'We did our part': The overlooked role women played in the Capitol riot
Women's role in terrorism has been underestimated and overlooked, experts say.
As a violent pro-Trump mob streamed through the U.S. Capitol on Jan. 6, two women who had breached the building through a broken window paused to film a selfie video amid the chaos.
"We broke into the Capitol … we got inside, we did our part," Dawn Bancroft said into her cell phone camera while standing next to Diana Santos-Smith, both of them wearing "Make America Great Again" hats. Referring to House Speaker Nancy Pelosi, Bancroft added: "We were looking for Nancy to shoot her in the friggin' brain, but we didn't find her," according to federal prosecutors.
Bancroft later sent the video to her children, according to the criminal complaint. Three weeks after the attack, both she and Santos-Smith were arrested in Pennsylvania on federal charges stemming from the storming of the Capitol building.

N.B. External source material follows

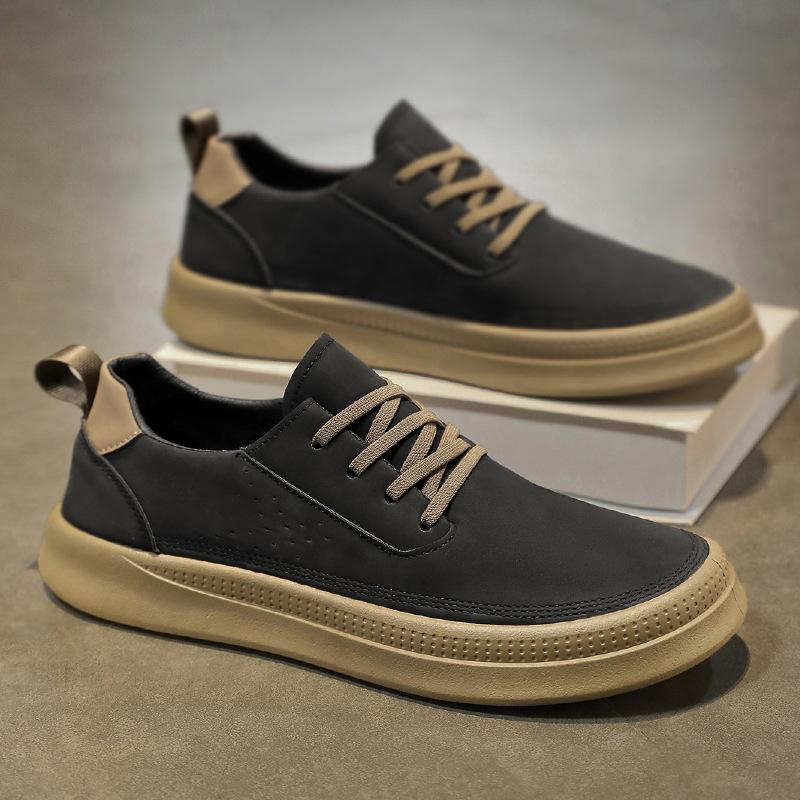 

2025 мужская обувь весна новые повседневные туфли дышащие увеличивающие универсальность бордовые туфли матовый тренд шнуровка повседневные мужские 44 чёрный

Neither has entered a plea, and attorneys for Bancroft and Santos-Smith did not respond to a request for comment.
Although authorities have charged hundreds of suspected rioters with participating in the violent insurrection, Bancroft and Santos-Smith are part of a specific, sometimes overlooked demographic that is attracting the attention of experts and lawmakers alike: women.
Women make up 14% of recent arrests related to the Capitol riot, according to the latest numbers from George Washington University's Program on Extremism, and experts warn that the significant role women play in terrorism and extremism around the world has been drastically underestimated and overlooked -- which may be hurting the United States' counterterrorism efforts.
"It wasn't surprising to see women on the front lines of Jan. 6," said Jamille Bigio, who served on the White House National Security Council staff during the Obama administration and is now a senior fellow at the Council on Foreign Relations. "It built on a long history they have of contributing to far-right terrorism in the United States."
"Women were active and on the front lines and fully part of the story," Bigio said of the Jan. 6 attack. "They were part of the death toll, they were part of the plotters, they picked up arms -- and it's to our detriment to overlook or dismiss these as exceptions. Understanding their role is critical for understanding how to counter them."
Women, for example, make up at least four of those charged in a sweeping conspiracy case brought by the Department of Justice against twelve members of the Oath Keepers, a militia group that the government alleges coordinated a portion of the attack on the Capitol.
The DOJ highlighted one woman, Jessica Watkins, as someone who they say was a "key figure" in the Oath Keepers' planning, with prosecutors highlighting how her local group planned basic training exercises following the November election that included "2 days of wargames" incorporated into larger combat training for "urban warfare, riot control, and rescue operations," according to court filings.
Watkins has since denounced the Oath Keepers and her affiliation with the group, telling a judge that she had canceled her membership and disbanded her own Ohio militia group during a court appearance.
"I'm not a criminal-minded person. I'm humbled and I am humiliated that I'm even here today," Watkins told the court. Her attorney declined to comment when reached by ABC News.
Watkins' alleged role in the attack exemplifies the kind of front-line involvement that women had on Jan. 6, Bigio said. And Rachel Vogelstein, the director of the Women and Foreign Policy program at the Council on Foreign Relations, said that though women often play significant roles in terror attacks, little attention is typically paid to them by the federal government.
Few government terrorism databases break down data by gender and hardly any security analyses dig into gender-related questions, which creates a gap in terrorism-fighting efforts, Vogelstein told ABC News. Women often have different experiences with extremism than men do, specifically in the ways they are radicalized and how they participate in extremist groups, which creates the need for specific analysis tailored to those issues, Vogelstein said.
According to a 2019 report from the Council on Foreign Relations, authored by Vogelstein and Bigio, the United States is at a "disadvantage in its efforts to prevent terrorism globally and within its borders" because of its lack of focus on the roles that women play in violent extremism.
"U.S. government policy and programs continue to underestimate the important roles women can play as perpetrators, mitigators, or targets of violent extremism," the report said.
As a result, Vogelstein is urging policymakers to take a more comprehensive approach as they grapple with how to address the aftermath of Jan. 6.
"As a matter of national security, we ought to be collecting more data on 50% of the population," she told ABC News.
In recent months, some lawmakers have signaled that they intend to begin addressing the issue. In March, President Joe Biden instructed the Director of National Intelligence to appoint the first National Intelligence Officer for Gender Equality, who will support the newly formed White House Gender Policy Council's work on issues impacting national security.
The government, however, has been down this road before.
In 2019, a bipartisan group of House members introduced legislation aimed at improving U.S. counterterrorism and peacebuilding efforts by "focusing on women's roles as victims, perpetrators, and preventers of violent extremism." The bill would have funded women-led groups countering terrorism efforts, helped train state and Defense Department officials in how to help women counter terrorism in their communities, and supported research into the intersection of women and violent extremism.
The bill, which terrorism experts said would have been a helpful step forward, was never passed.